Keith Churchwell
Keith Churchwell, M.D.
Executive Director and Chief Medical Officer, Vanderbilt Heart and Vascular Institute
What are the major changes you think will come to Vanderbilt and the Medical Center over the next 10 years?
We have planted the seeds of change on how technology can have a major impact on how we take care of patients here at the Medical Center and in our outreach offices. In the next 10 years we will truly incorporate digital technology and information, to enhance the patient experience, make our patients knowledgeable about their medical problems and help them take actions that will improve their overall health.
Where do you see the seeds of those changes now?
The high tech initiative has helped to catalyze efforts across the Medical Center to use the power of what has been developed over the past 20 years to take us to the next level.
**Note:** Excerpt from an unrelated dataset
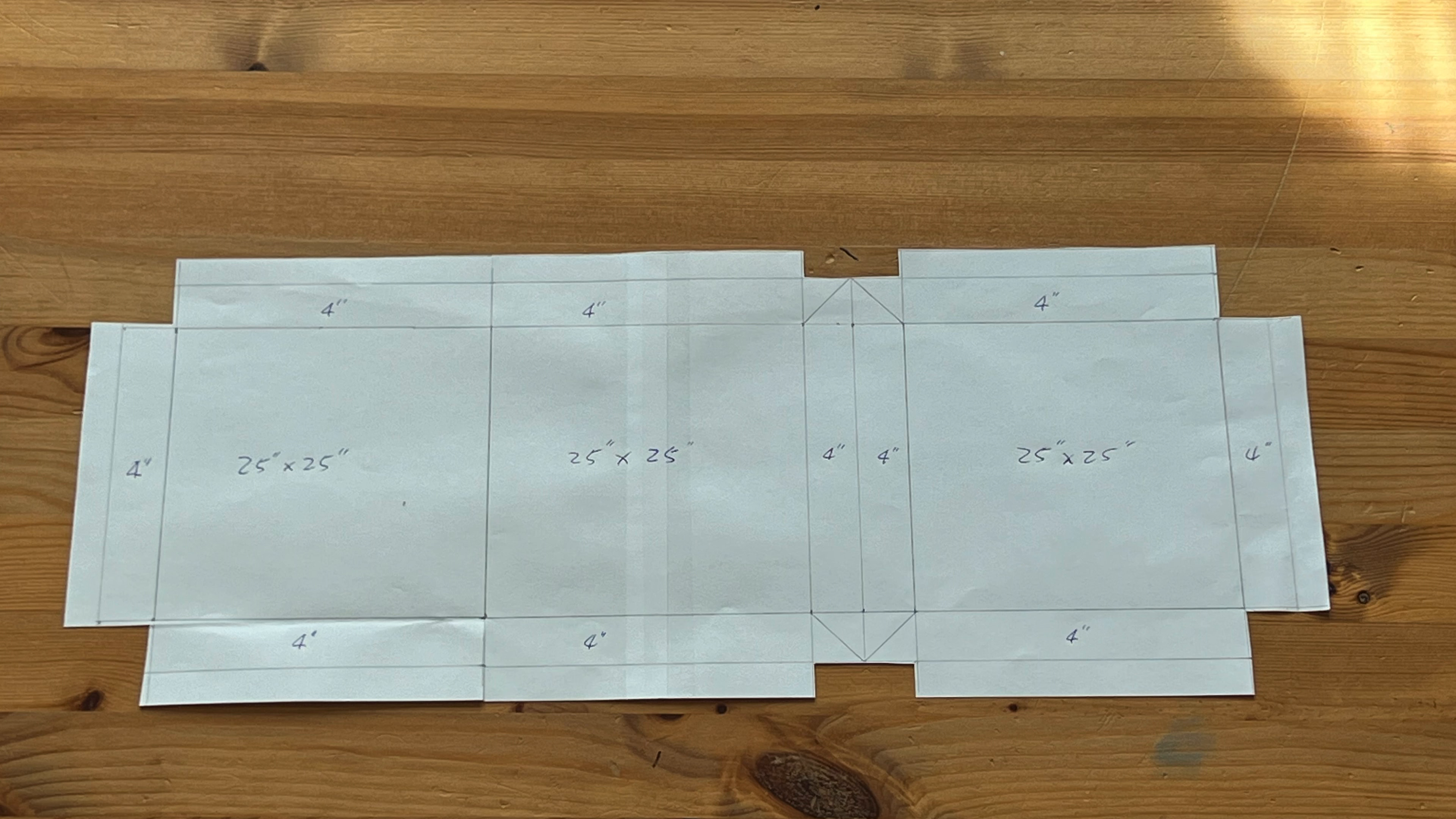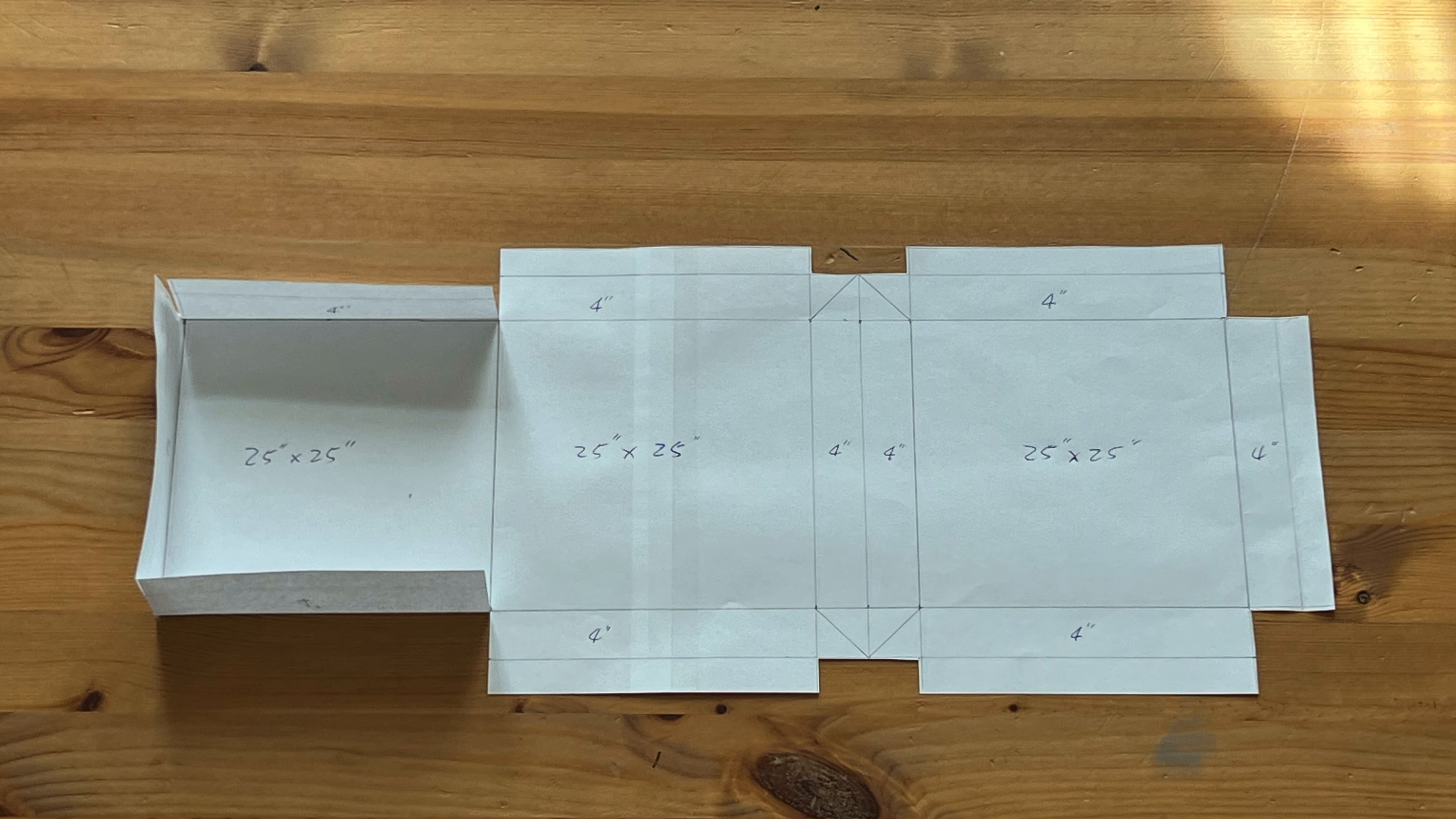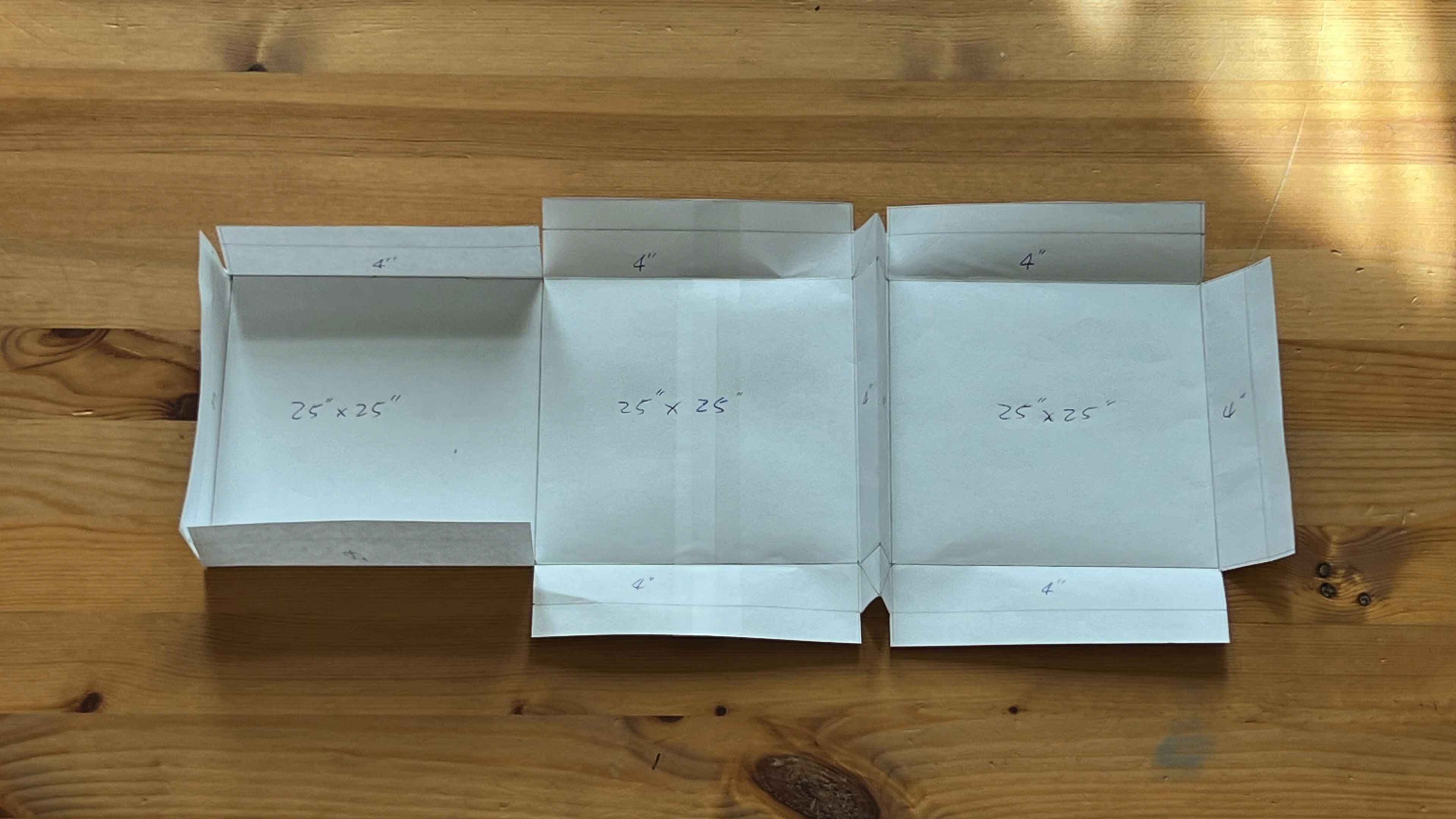First, cut the fabric according to the size of the mattress. My mattress is 4 inches thick.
The use of tablet technology and our ability to access imaging data from everywhere—home, on the road, the office—gives a real idea of what is possible.
What is happening now at Vanderbilt that has a chance to have impact all over the world?
The ideas and projects that have sprung from the personalized medicine initiative have a chance to make a tremendous impact on how medicine will be practiced in the future.
What are the biggest obstacles or challenges Vanderbilt and the Medical Center will face in the next 10 years?
Medical technology does not stand still; it is always evolving and developing new ways to image and evaluate the body to obtain precise and extremely accurate evaluation of disease processes. How to keep up without breaking the bank continues to be a tremendous challenge.
What are your hopes for Vanderbilt and the Medical Center in the next 10 years?
That its unique culture of multiple groups easily working together to come up with solutions regarding the important issues that face us does not change
Where do the greatest opportunities to improve heart health lie?
New medications, new technology and better education are our greatest opportunities to impact heart health. We have come to terms with the knowledge that we have to better educate our patients about their medical problems to have greater success with their long-term treatment. We primarily offer short-term solutions to lifelong problems. We have to arm our patients with better tools—medicines, technology and understanding—so that they can meet the challenges of cardiovascular disease with greater lifelong success.